Firstly I think we need to note the Marxian conception of social development, whereby new social relations grow up within the old, the ‘old’ social system provides the material prerequisites for the development of the new, and the new is able to ‘mature’ within the new. This means that there will be periods in which new legal relations are developing, due to the proliferation of commodity production. Therefore, there will be a period where different legal contents exist within the legal form, as classes, and the productive relations they represent struggle amongst themselves.

This can lead to a situation where the ‘legal base’ of one type of social system has triumphed but it has not yet been recognised in the superstructure. Only when the legal superstructure recognises this, has the transition been truly completed:

[B]ourgeois capitalist property ceases to be a weak, unstable and purely factual possession, which at any moment may be disputed and must be defended vi et armis. It turns into an absolute, immovable right which follows the object everywhere that chance carried it and which from the time that bourgeois civilization affirmed its authority over the whole globe, is protected in its every corner by laws, police, courts.
E.B. Pashukanis, General Theory of Law and Marxism, p. 78

Thus we need to recognise that any notion of ‘effective ownership’ has to grapple with the fact that by far the best guarantee of effective ownership is the legal superstructure, and that even the basic notion of the individual securing his property is violence with a legal character.

What should also be noted is the materialist approach to norms holds that the norm is norm insofar as it effects, or reflects material relationships or trends:

A norm as such, i.e. in its logical content, either is directly derived from existing relationships already or, if it is published as statutory law, then it presents itself only as a symptom by which one may assess, with some degree of probability, the likely emergence of the corresponding relationships in the near future. It is not sufficient to know the normative content of law in order to confirm its objective existence. It is necessary to know if this normative content is realized in practice, that is in social relationships.
E.B. Pashukanis, General Theory of Law and Marxism, p. 63

This again shows us how to transcend the narrow boundaries of the two approaches outlined above. We can see that the apparent socialist norms of the USSR were not realised in practice, in actual fact they were in opposition to the concrete practice of the bureaucracy, whose appropriation of surplus value constituted the embryonic embodiment of the new legal superstructure, but had already been actualised through the legal form. This also provides an explanation for the growth of capitalism within other social formations.

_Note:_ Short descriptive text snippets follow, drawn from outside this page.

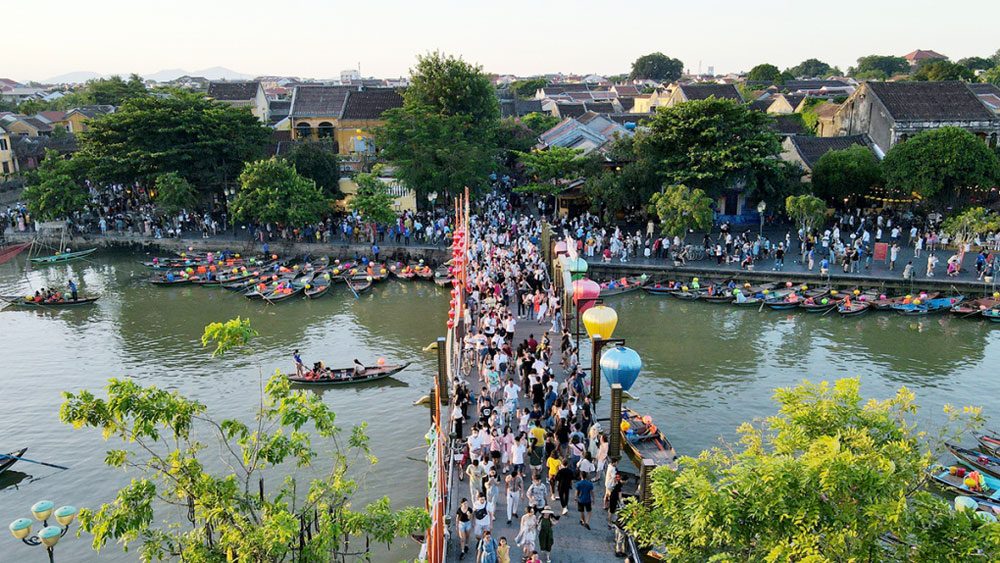 Hội An lùi việc thu phí toàn bộ du khách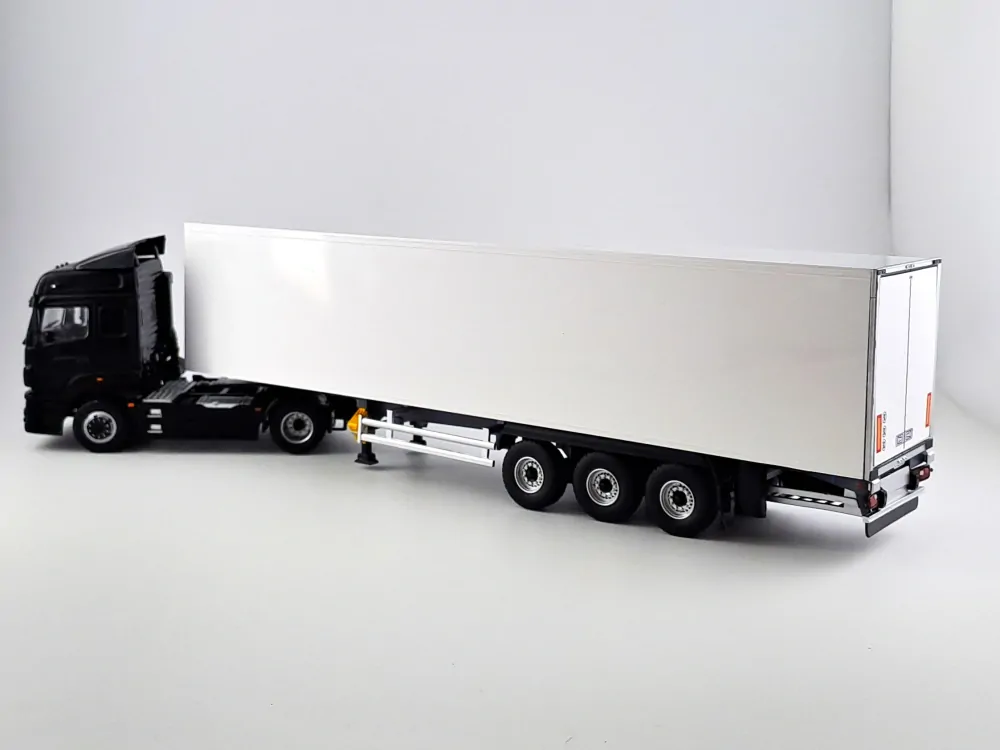 návěs skříňový bílý 1:43 Eligor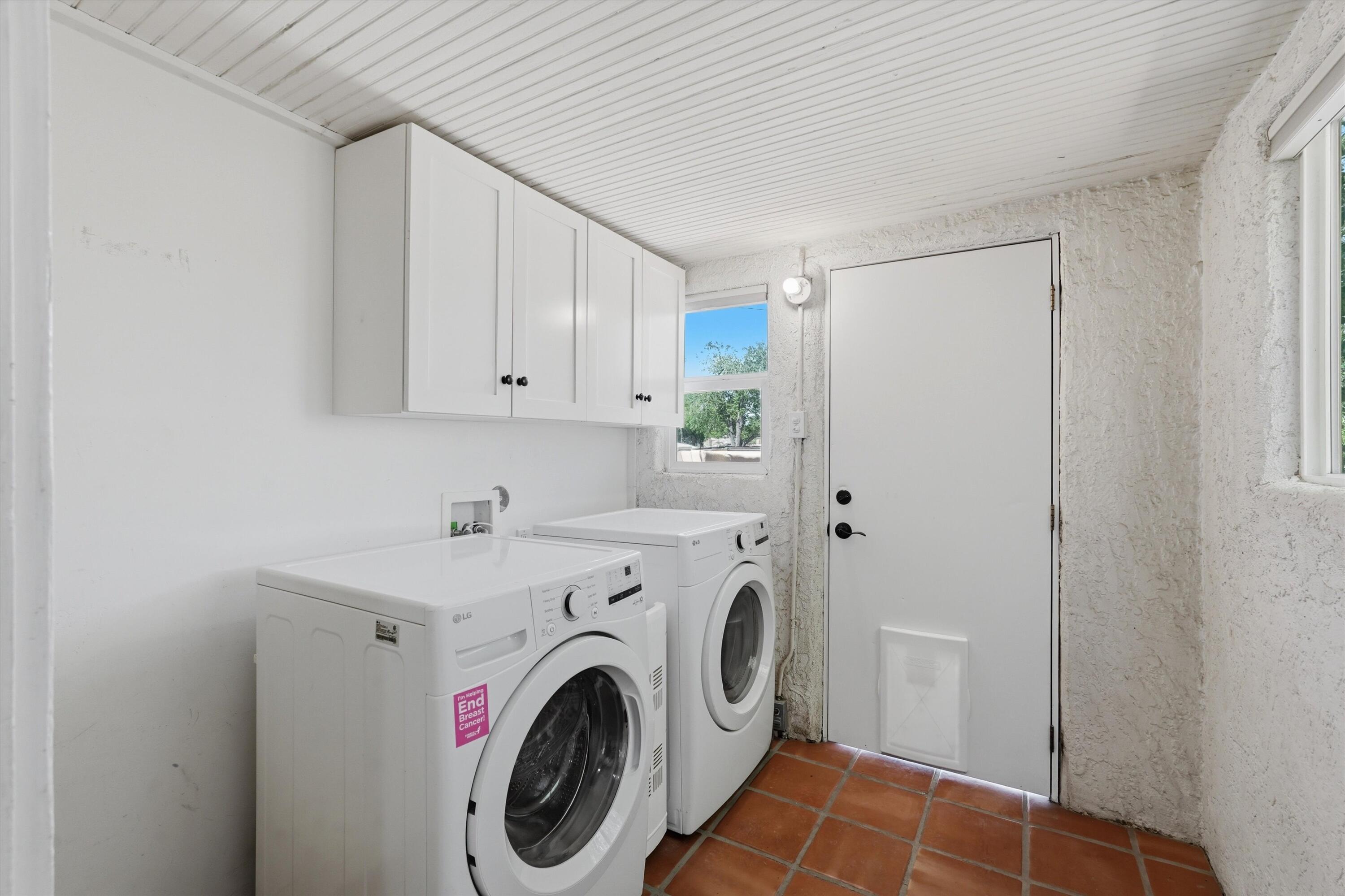 217 Amherst Drive NE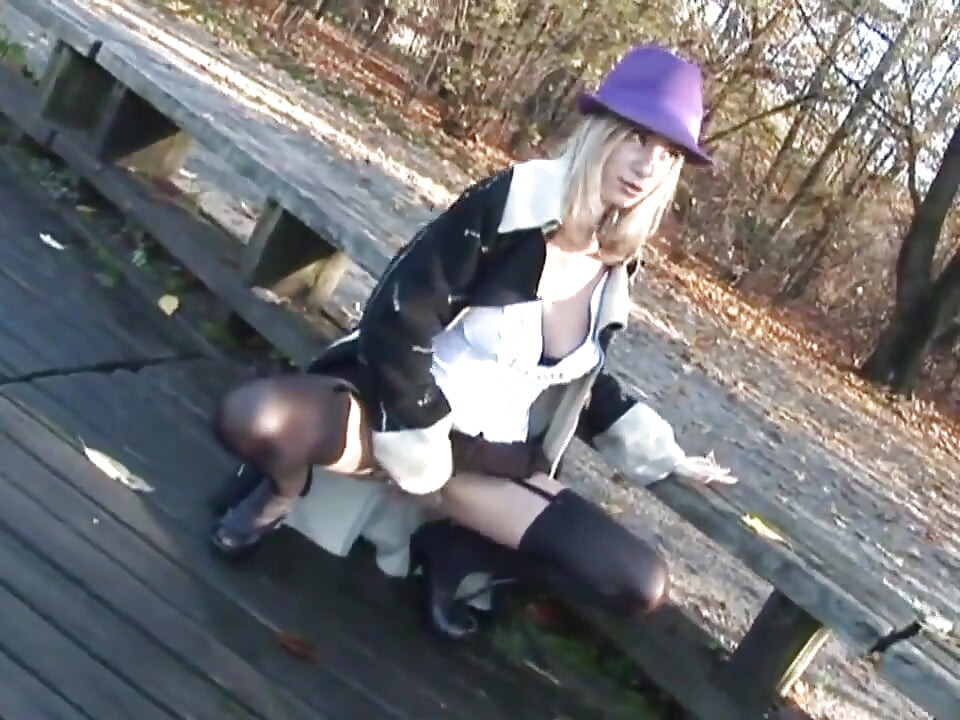 Natural tits blonde girl masturbation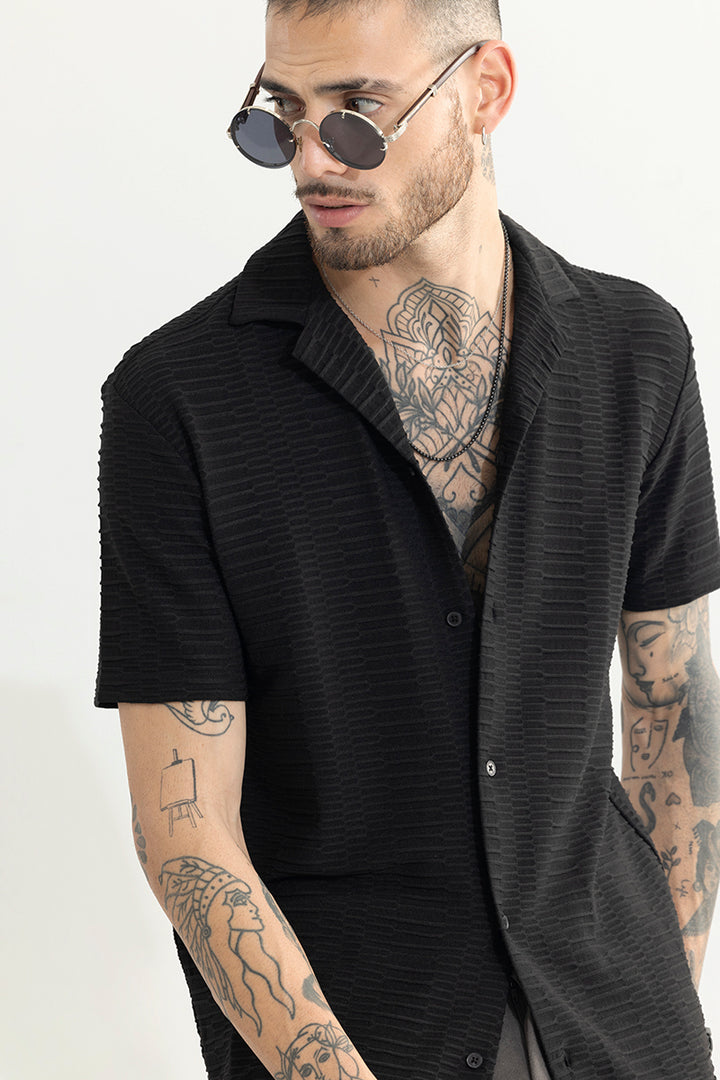 Varying Lines Black Shirt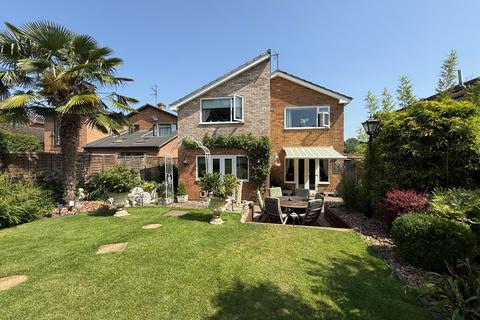 4 bed property, in 2 Severn Close, £575,000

Of course, there needs to be further explanation as to why the legal superstructure remained as it did for so long. There are two possibilities here. One is that of superstructural inertia, i.e. it takes time for the legal superstructure to develop norms that are already expressed at a more primitive level. Of course, since the USSR was always a transitional social formation, several of the essential legal relations of capitalism were already present, their role was simply expanded. One might also argue that law, as site and instrument of class struggle, was used here to mystify actually existing social relations, what better way to exploit the proletariat than under the veil of socialism?

I will also later make a post on whether socialist ‘property’ relations can be posited legally, as I think this is something that needs to be brought forward.